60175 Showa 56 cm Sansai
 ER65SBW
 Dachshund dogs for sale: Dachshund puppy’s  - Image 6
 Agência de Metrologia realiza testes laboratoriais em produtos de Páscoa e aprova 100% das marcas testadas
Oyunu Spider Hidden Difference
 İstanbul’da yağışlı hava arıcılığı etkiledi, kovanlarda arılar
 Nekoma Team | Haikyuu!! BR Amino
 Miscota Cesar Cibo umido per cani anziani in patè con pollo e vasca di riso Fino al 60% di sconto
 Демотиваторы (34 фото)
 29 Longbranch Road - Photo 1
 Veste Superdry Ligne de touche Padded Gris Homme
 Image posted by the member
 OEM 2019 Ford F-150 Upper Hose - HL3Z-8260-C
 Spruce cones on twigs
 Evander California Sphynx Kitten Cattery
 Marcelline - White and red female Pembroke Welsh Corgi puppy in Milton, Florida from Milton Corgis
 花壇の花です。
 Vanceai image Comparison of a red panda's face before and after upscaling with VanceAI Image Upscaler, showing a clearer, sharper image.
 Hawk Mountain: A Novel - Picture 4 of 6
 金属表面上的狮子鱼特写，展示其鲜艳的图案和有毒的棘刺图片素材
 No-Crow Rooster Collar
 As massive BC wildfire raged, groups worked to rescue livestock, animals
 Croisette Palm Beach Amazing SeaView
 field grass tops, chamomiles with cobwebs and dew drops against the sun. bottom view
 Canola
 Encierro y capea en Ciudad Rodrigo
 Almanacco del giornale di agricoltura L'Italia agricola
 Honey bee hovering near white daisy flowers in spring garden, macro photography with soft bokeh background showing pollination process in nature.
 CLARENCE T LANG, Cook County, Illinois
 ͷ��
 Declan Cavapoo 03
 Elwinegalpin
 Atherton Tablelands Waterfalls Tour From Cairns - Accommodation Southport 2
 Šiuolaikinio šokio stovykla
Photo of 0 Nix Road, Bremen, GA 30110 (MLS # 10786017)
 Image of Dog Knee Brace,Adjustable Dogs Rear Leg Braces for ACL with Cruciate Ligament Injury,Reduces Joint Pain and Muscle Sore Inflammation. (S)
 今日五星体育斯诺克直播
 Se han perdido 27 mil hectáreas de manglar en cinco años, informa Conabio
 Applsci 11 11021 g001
-*-
Exercise directions:
Output each line of the material above with no deviation.

Response area:
60175 Showa 56 cm Sansai
 ER65SBW
 Dachshund dogs for sale: Dachshund puppy’s  - Image 6
 Agência de Metrologia realiza testes laboratoriais em produtos de Páscoa e aprova 100% das marcas testadas
Oyunu Spider Hidden Difference
 İstanbul’da yağışlı hava arıcılığı etkiledi, kovanlarda arılar
 Nekoma Team | Haikyuu!! BR Amino
 Miscota Cesar Cibo umido per cani anziani in patè con pollo e vasca di riso Fino al 60% di sconto
 Демотиваторы (34 фото)
 29 Longbranch Road - Photo 1
 Veste Superdry Ligne de touche Padded Gris Homme
 Image posted by the member
 OEM 2019 Ford F-150 Upper Hose - HL3Z-8260-C
 Spruce cones on twigs
 Evander California Sphynx Kitten Cattery
 Marcelline - White and red female Pembroke Welsh Corgi puppy in Milton, Florida from Milton Corgis
 花壇の花です。
 Vanceai image Comparison of a red panda's face before and after upscaling with VanceAI Image Upscaler, showing a clearer, sharper image.
 Hawk Mountain: A Novel - Picture 4 of 6
 金属表面上的狮子鱼特写，展示其鲜艳的图案和有毒的棘刺图片素材
 No-Crow Rooster Collar
 As massive BC wildfire raged, groups worked to rescue livestock, animals
 Croisette Palm Beach Amazing SeaView
 field grass tops, chamomiles with cobwebs and dew drops against the sun. bottom view
 Canola
 Encierro y capea en Ciudad Rodrigo
 Almanacco del giornale di agricoltura L'Italia agricola
 Honey bee hovering near white daisy flowers in spring garden, macro photography with soft bokeh background showing pollination process in nature.
 CLARENCE T LANG, Cook County, Illinois
 ͷ��
 Declan Cavapoo 03
 Elwinegalpin
 Atherton Tablelands Waterfalls Tour From Cairns - Accommodation Southport 2
 Šiuolaikinio šokio stovykla
Photo of 0 Nix Road, Bremen, GA 30110 (MLS # 10786017)
 Image of Dog Knee Brace,Adjustable Dogs Rear Leg Braces for ACL with Cruciate Ligament Injury,Reduces Joint Pain and Muscle Sore Inflammation. (S)
 今日五星体育斯诺克直播
 Se han perdido 27 mil hectáreas de manglar en cinco años, informa Conabio
 Applsci 11 11021 g001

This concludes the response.